Jednak na razie na rynkach mieszkaniowych w Warszawie, Krakowie. Poznaniu, Wrocławiu, Trójmieście i Łodzi sytuacja jest pod tym względem wręcz wymarzona dla kupujących. Katarzyna Kuniewicz z firmy doradczej Reas twierdzi, że pod koniec września można było przebierać w sumie wśród blisko 38,4 tys. ofert we wszystkich tych miastach. Około 40 proc. ofert przypadało na stolicę. Zdaniem tej analityczki jeszcze przez kilka miesięcy mieszkań będzie przybywać.

Wprawdzie firmy zaczęły wstrzymywać nowe inwestycje, ale spowodowany tym spadek podaży mieszkań nastąpi nie wcześniej niż w 2010 r. Tyle czasu może zająć deweloperom sprzedanie tych lokali, których budowę rozpoczęli jeszcze w okresie boomu.

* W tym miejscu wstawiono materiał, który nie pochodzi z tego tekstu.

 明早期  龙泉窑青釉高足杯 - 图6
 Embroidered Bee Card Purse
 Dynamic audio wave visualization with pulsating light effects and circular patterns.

Z danych Reasa wynika, że w najgorszej sytuacji są firmy budowlane w Poznaniu. W tym roku sprzedały ok. 1,1 tys. mieszkań, a wprowadziły ich na rynek 2,7 tys. Szefowa poznańskiej firmy deweloperskiej Nickel Development Dagmara Nickel zapewniała jednak, że kiepsko sprzedają się tam jedynie drogie apartamenty i lokale "apartamentopodobne". - Poznaniaków nie stać na więcej niż 7 tys. zł za m kw. Mieszkania oferowane poniżej tej ceny sprzedają się w sposób satysfakcjonujący - przekonywała. - W Trójmieście dobrze sprzedają się mieszkania ekskluzywne oraz popularne po ok. 5 tys. zł za m kw. Ci, którzy chcą sprzedać je drożej, mają problemy - wtórował jej prezes gdyńskiej spółki Ekolan Andrzej Biernacki.

- Słyszałem o kilku deweloperach, którzy chcą sprzedawać mieszkania po kosztach, żeby zakończyć swoje projekty - mówił prezes wrocławskiego biura pośrednictwa w obrocie nieruchomościami Jot-Be Nieruchomości Jacek Wróblewski. - Gdzie są granice spadku cen? - pytała Katarzyna Cyprynowska, szefowa spółki Nowy Adres, organizatora konferencji.

Według Biernackiego nie ma takiej granicy! - Niektóre firmy będą zmuszone sprzedawać mieszkania nawet poniżej kosztów. Lepiej bowiem stracić część kapitału niż rozłożyć całą firmę - wyjaśnia.

Analitycy nie mają wątpliwości, że część deweloperów, szczególnie nowicjuszy, w przyszłym roku zniknie z rynku, a wtedy budowane przez nich mieszkania pojawią się na licytacjach komorniczych. - W drugiej połowie 2009 r. i na początku 2010 będzie można trafić na superokazje - przewiduje Biernacki.